What needs to be done: What needs reproducing is the run of lines in the data below starting at the line with "Hair Growth Essential" and ending at the line with "Vista do Quarto", both ends included. Copy it exactly, without pictures, and add nothing.

Data provided:
————————
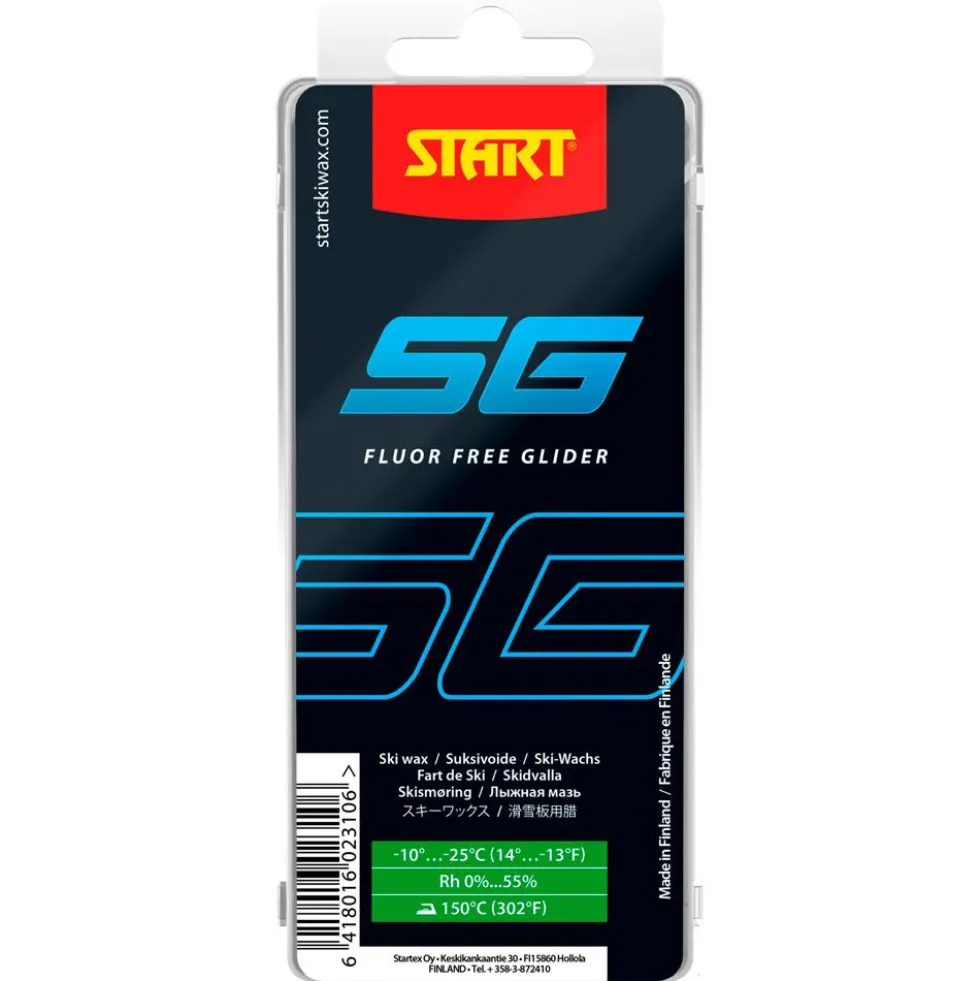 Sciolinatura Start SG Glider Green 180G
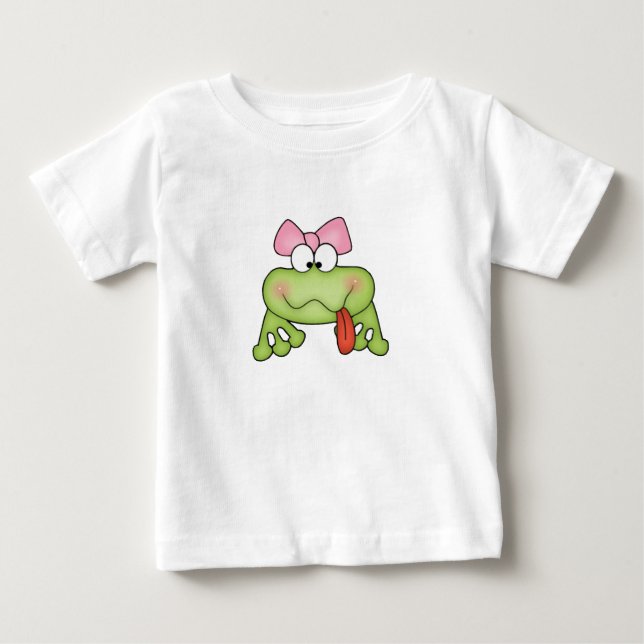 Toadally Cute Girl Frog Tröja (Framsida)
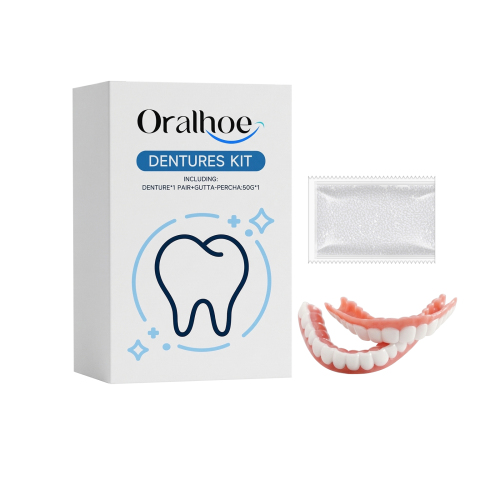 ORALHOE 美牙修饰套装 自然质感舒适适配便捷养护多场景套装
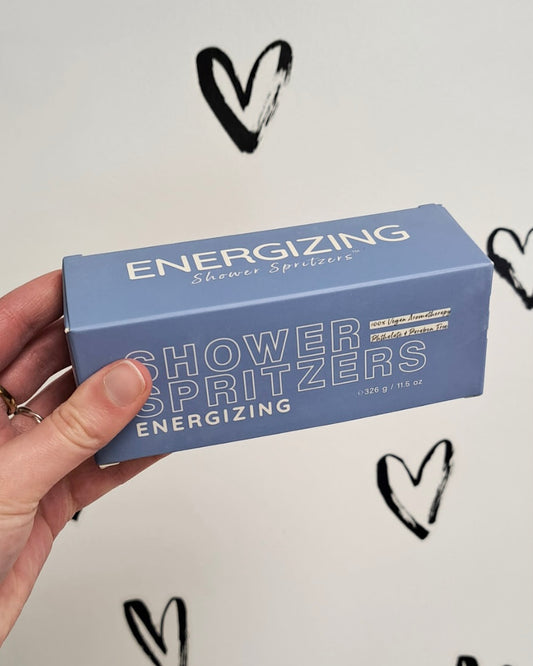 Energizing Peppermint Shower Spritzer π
————————
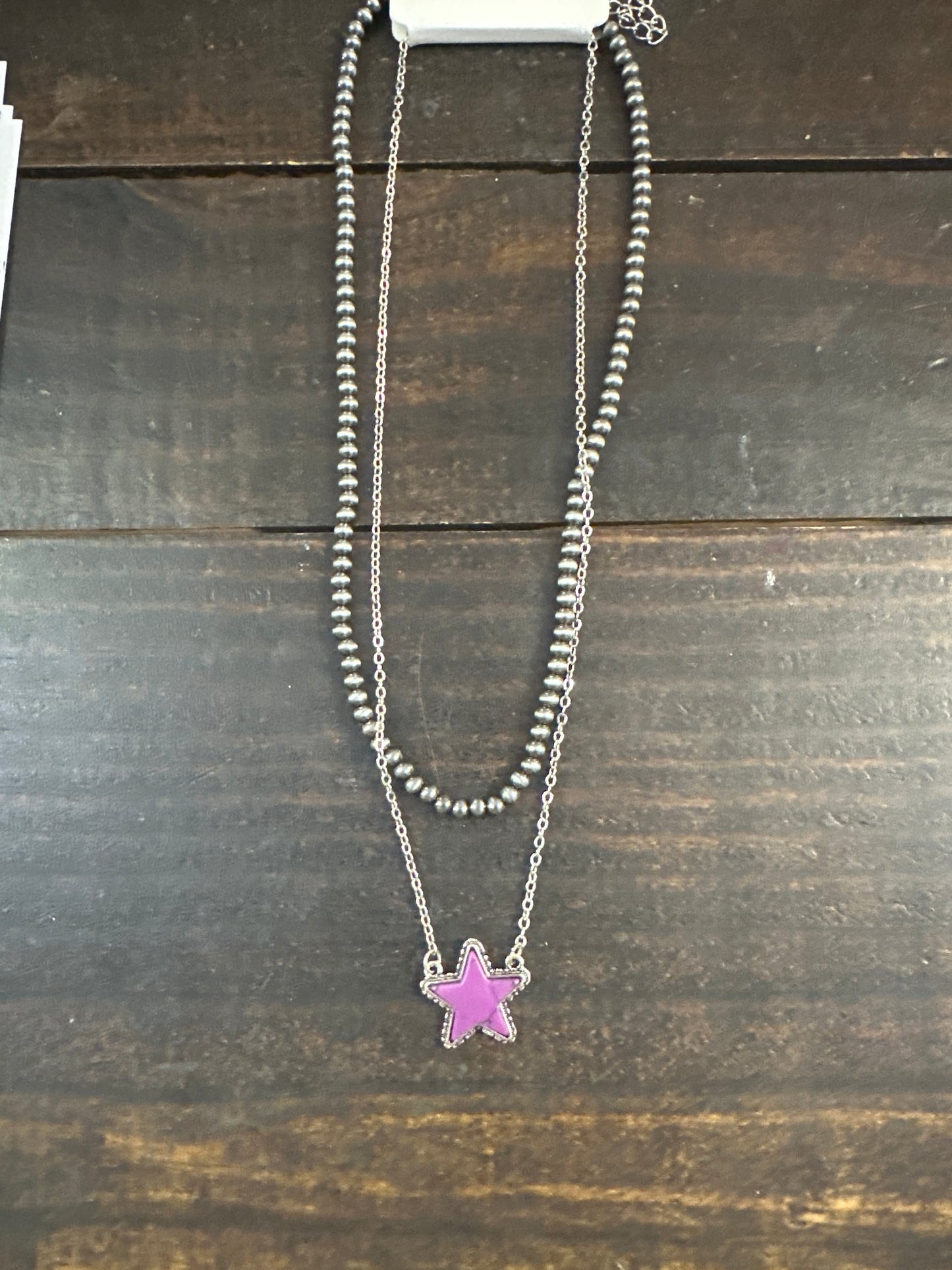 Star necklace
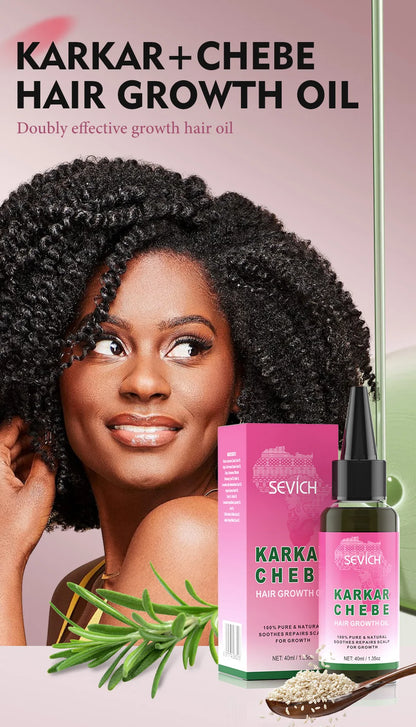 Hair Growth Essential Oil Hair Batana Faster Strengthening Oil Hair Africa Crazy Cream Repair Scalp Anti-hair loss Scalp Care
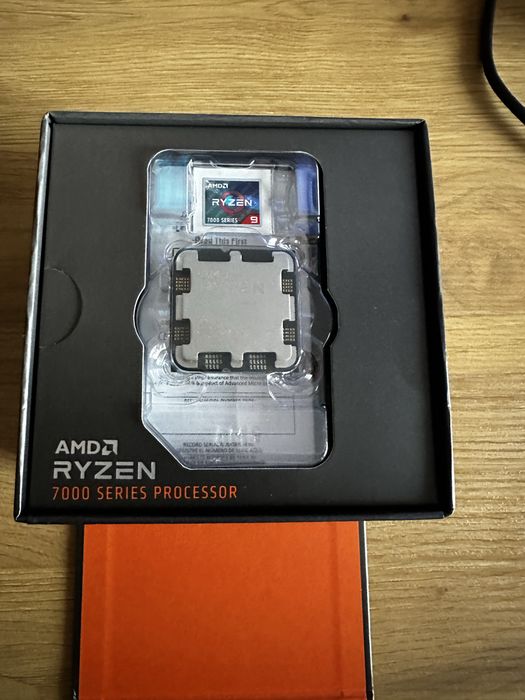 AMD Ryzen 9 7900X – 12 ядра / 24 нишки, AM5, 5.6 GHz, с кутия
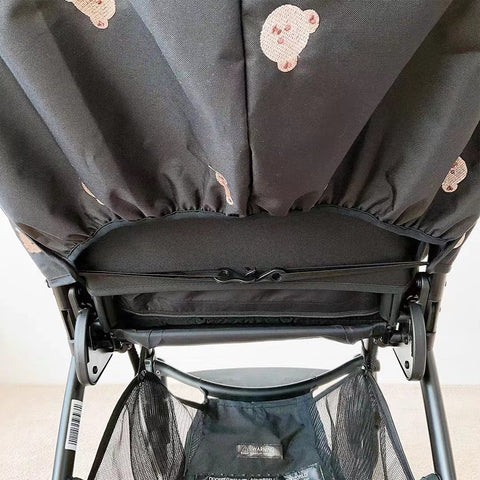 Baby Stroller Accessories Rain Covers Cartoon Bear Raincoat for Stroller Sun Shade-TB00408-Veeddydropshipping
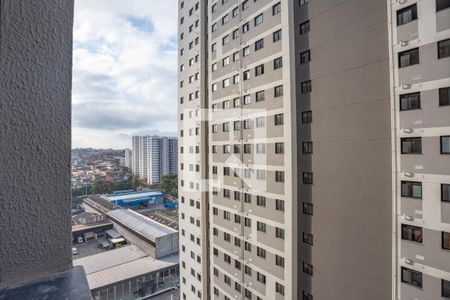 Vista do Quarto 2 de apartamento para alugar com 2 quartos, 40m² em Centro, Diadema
————————
Result of the exercise:
 Hair Growth Essential Oil Hair Batana Faster Strengthening Oil Hair Africa Crazy Cream Repair Scalp Anti-hair loss Scalp Care
 AMD Ryzen 9 7900X – 12 ядра / 24 нишки, AM5, 5.6 GHz, с кутия
 Baby Stroller Accessories Rain Covers Cartoon Bear Raincoat for Stroller Sun Shade-TB00408-Veeddydropshipping
 Vista do Quarto 2 de apartamento para alugar com 2 quartos, 40m² em Centro, Diadema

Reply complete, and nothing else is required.